▸ WHAT YOU WILL DO
Beginning with the line that holds "GAPグラフィック ストレート スウェットパンツ-4" and ending with the last line, please repeat the entries exactly and omit the pictures.

(Collection entries)
"""
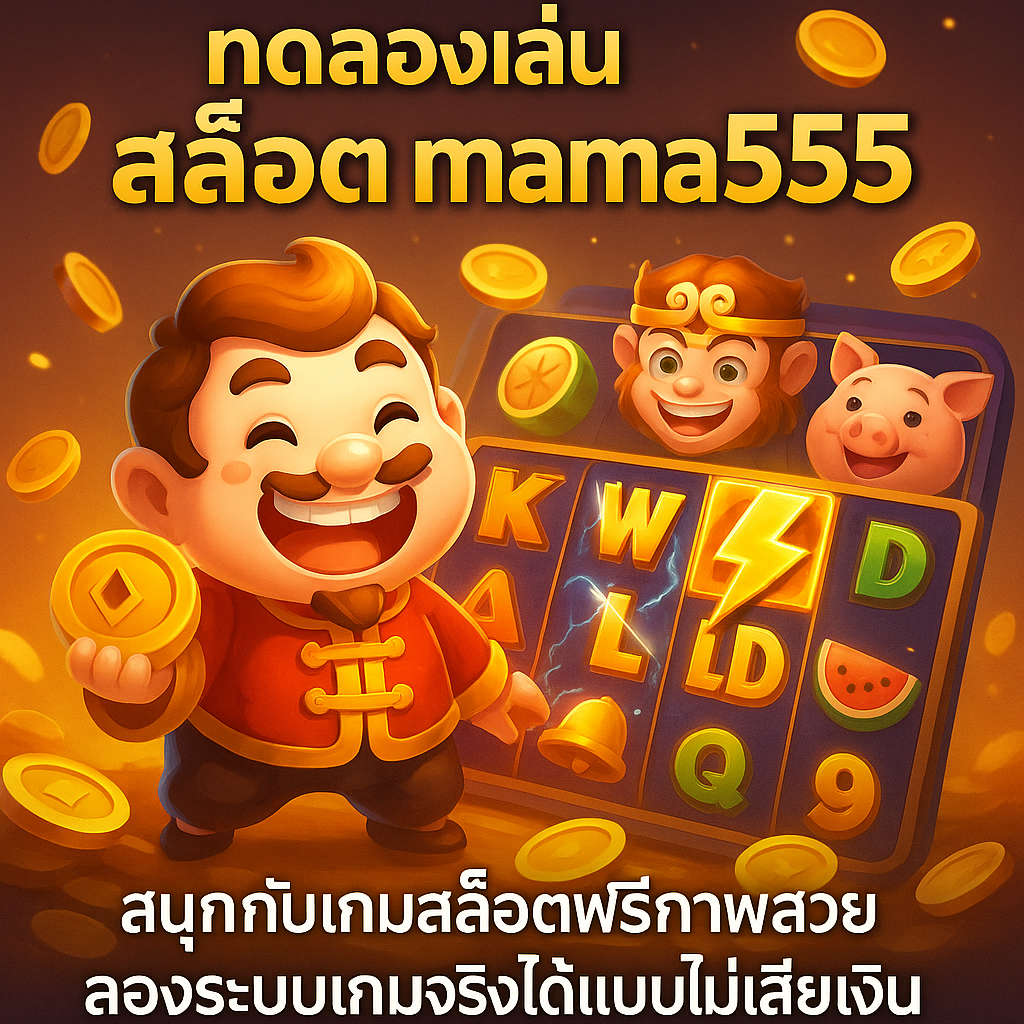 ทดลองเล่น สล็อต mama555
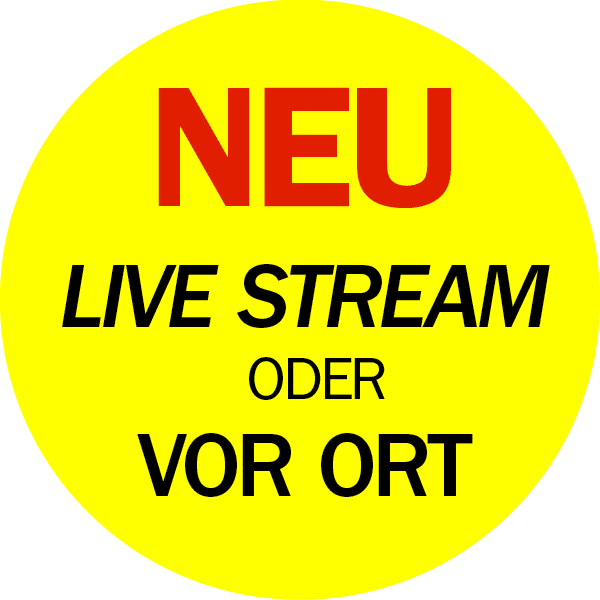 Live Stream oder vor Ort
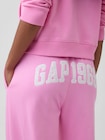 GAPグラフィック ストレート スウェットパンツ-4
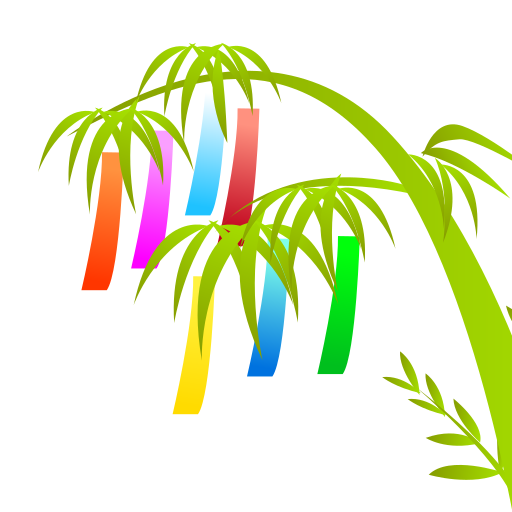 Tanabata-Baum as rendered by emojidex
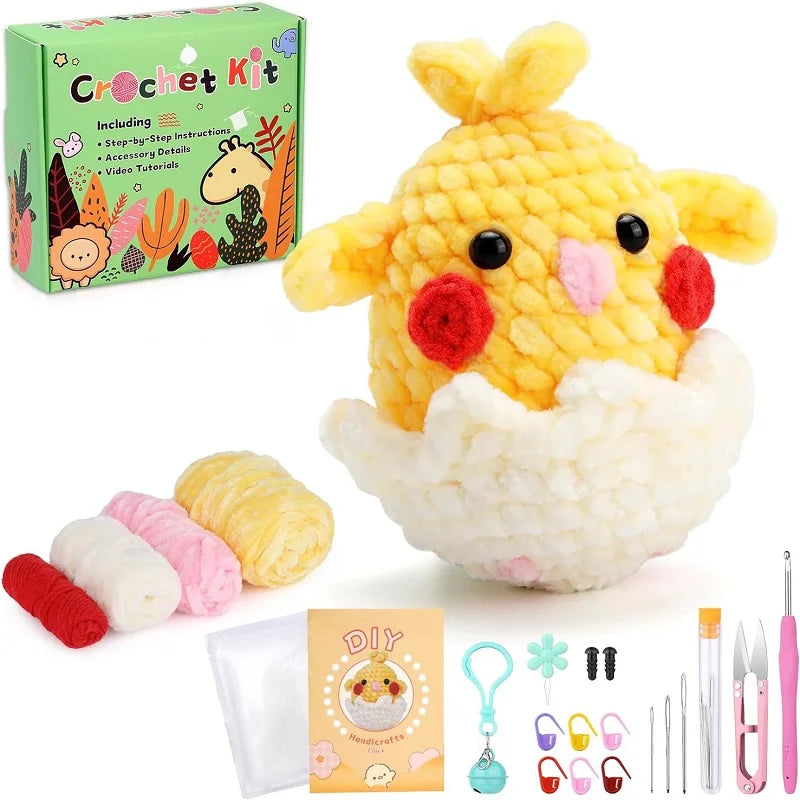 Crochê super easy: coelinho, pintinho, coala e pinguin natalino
"""
▸ ANSWER TO THE EXERCISE
 GAPグラフィック ストレート スウェットパンツ-4
 Tanabata-Baum as rendered by emojidex
 Crochê super easy: coelinho, pintinho, coala e pinguin natalino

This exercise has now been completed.